井上理津子氏: ある時、人材派遣会社の課長の女性を取材したんです。大学教授だった夫さんが急死され、子どもと義母を抱えて職を求めなければならなくなったのが、その会社に勤めたきっかけだったそうです。「教授夫人とちやほやされていたが、実は自分自身は何もできないということを、夫を亡くして思い知った」と話してくれたのです。義母さんに介護が必要になったとき、ご兄弟たちから「援助するから家にいて」と申し出されたそうなのですが、「他人に頼ったら、また同じ繰り返しになるだけと思い、お手伝いの人を雇って働き続けることを選びました」とおっしゃいました。私は、その人の言葉にいたく感銘を受けました。ちょうど、男女雇用機会均等法ができる直前。女性総合職誕生うんぬんと騒がれる中、自分たちの一世代上の女性に、その方のように自分で決断して黙々と働いてきた人や、市井で地に足をつけて仕事をしてきた人が、実はいっぱいいらっしゃる。取材して本にまとめたいと思い立ったのが、会社を辞める引き金でした。それで、共著してくれる友達を募って、92人の女性のインタビュー集を作りました。ありがたいことに、こんな名も無きライターの発想を、長征社という小出版社の社長が「面白い。うちから出そう」と言ってくれました。それで1年ほどかけて最初の共著本『女・仕事』を出したんです。
失敗しながら育ててもらった
――数多くインタビューをする中で、苦労した点などはありますか?
井上理津子氏: 失敗はありますよ。インタビュー中に相手の顔色が急に曇ってきたなと思ったら、「なに聞いてるの」って怒られたこともあります。すぐ思い出せる分だけで3件はありますね。「あんた理解していないね」と言われたり、一度取材したことのある人に別の媒体で再び取材を申し込んだら、「あなたのインタビューはもう受けたくない」と言われたこともありました。でも、振り返ればすごく勉強になったなと思います。どうでもよければ何も言わないですよね。そういう意味では雨降って地固まるという関係になった方もいらっしゃいましたし、被取材者の皆さんに育ててもらったと思います。

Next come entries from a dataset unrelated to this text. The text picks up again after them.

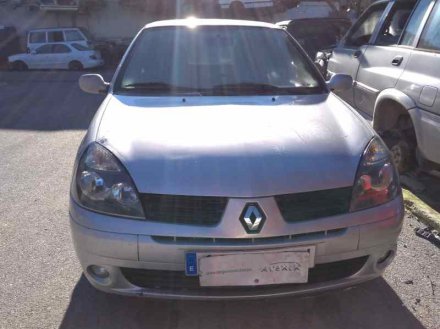 Vehiculo en el desguace: RENAULT CLIO II FASE II (B/CB0) Authentique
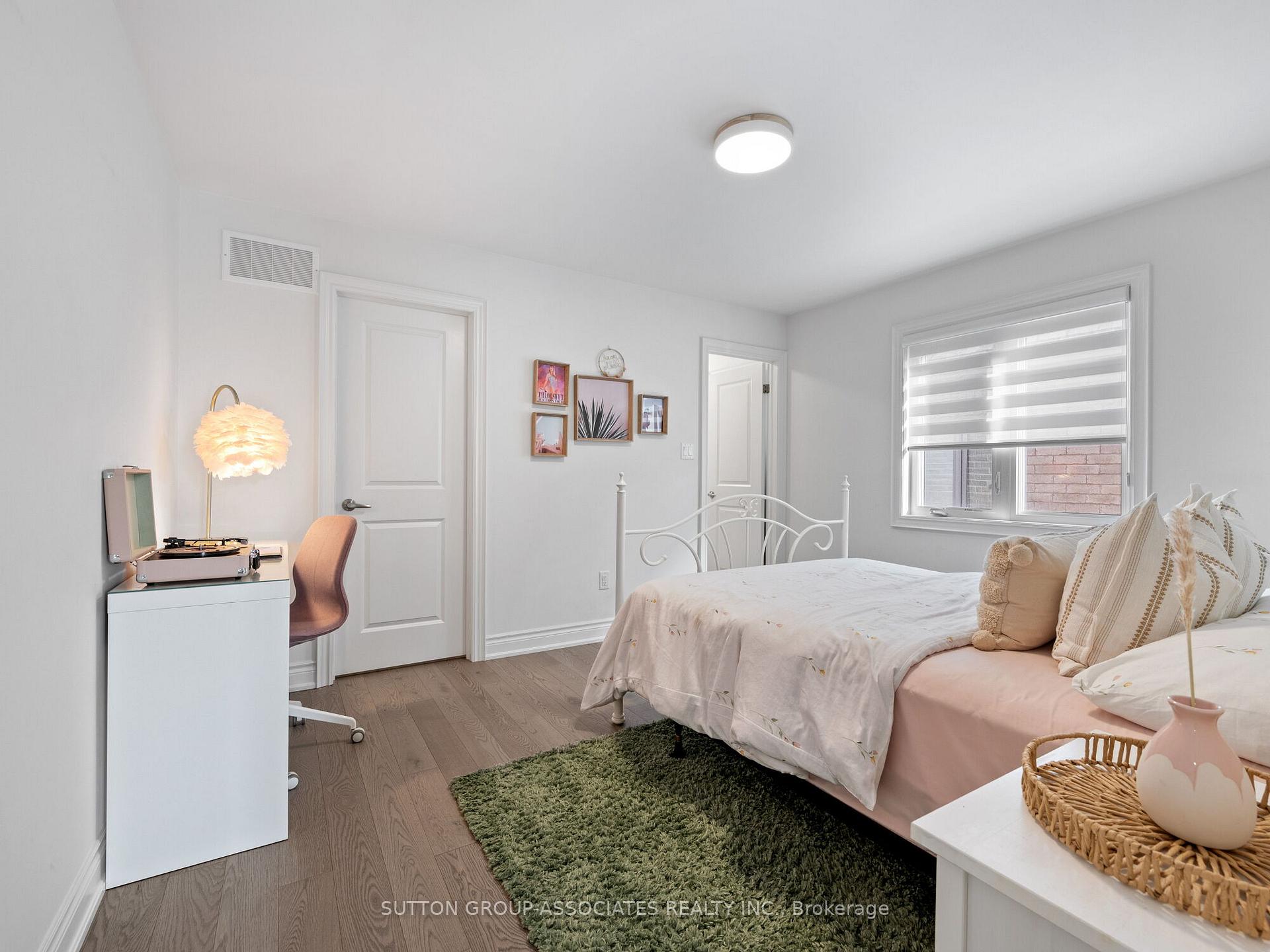 Photo 26 of 1166 Raspberry Terrace, Milton, Ford — HOMEH
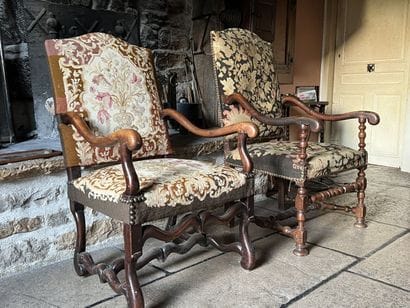 Deux fauteuils en noyer mouluré, en partie...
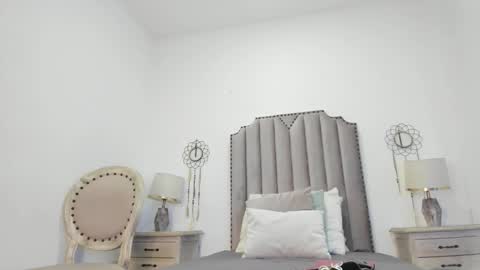 emma scott 7 online show from December 1, 11:26 am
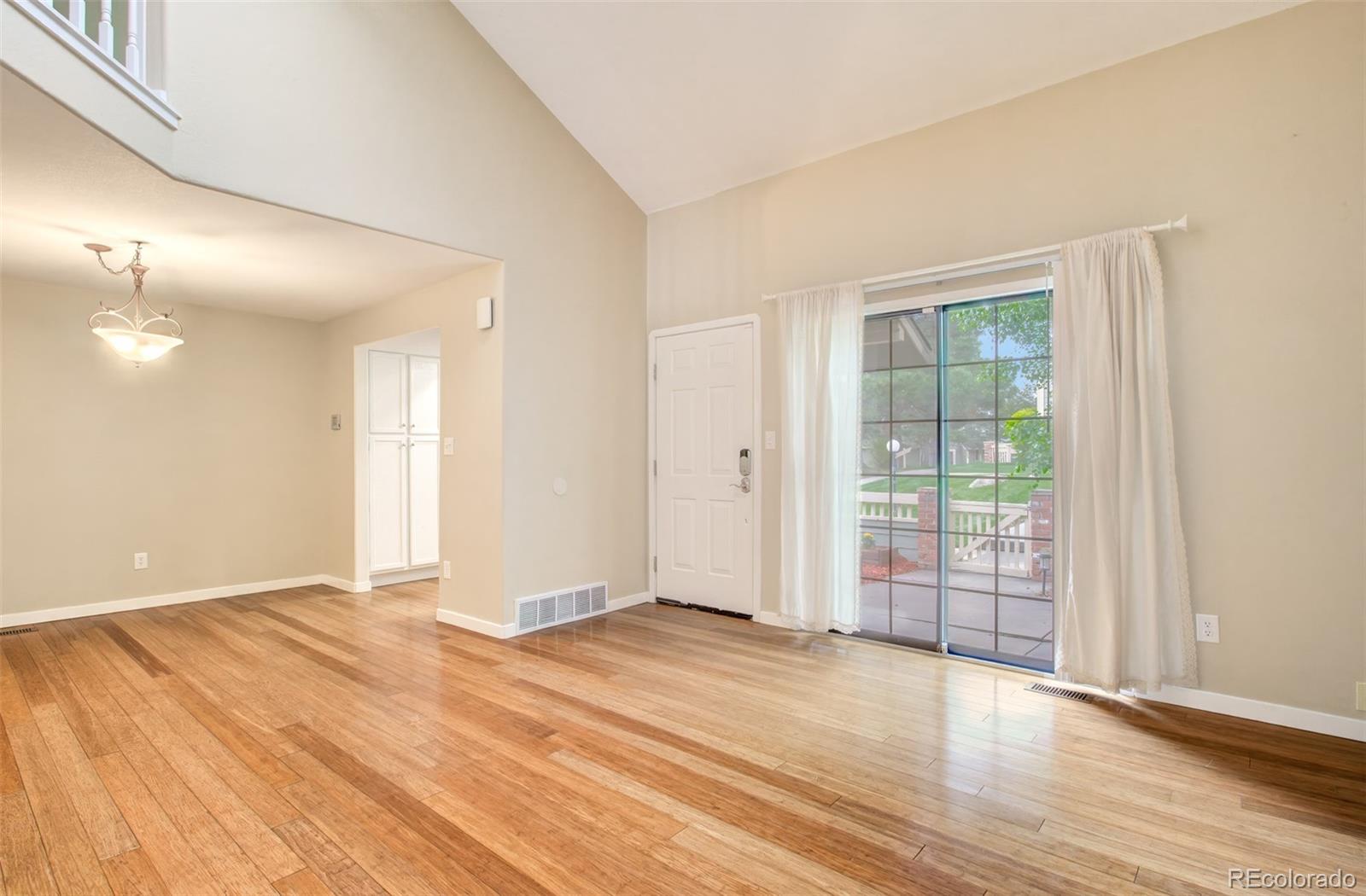 MLS Image #4 for 725  crown point drive,colorado springs, Colorado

――仕事をしていく中で尊敬する先輩などはいましたか?
井上理津子氏: 『月刊SEMBA』という情報誌があったのですが、フリーになった後、私がホームグランドにさせてもらっていた雑誌です。そこの社長であり編集長だった廣瀬豊氏が私の恩師です。取材先への距離の取り方をはじめさまざまなことを教えてもらい、育ててもらいました。「人間情報誌」がコンセプトの雑誌で、私たち外部スタッフを含めて、毎月酒を飲みながら編集会議で侃々諤々意見を闘わせるんです。編集長は2008年に亡くなりましたが、それまでずっとお付き合いをさせてもらいました。何か失敗したり、煮詰まったりすると「編集長、聞いてください」と廣瀬さんの家に伺った。宝物の思い出です。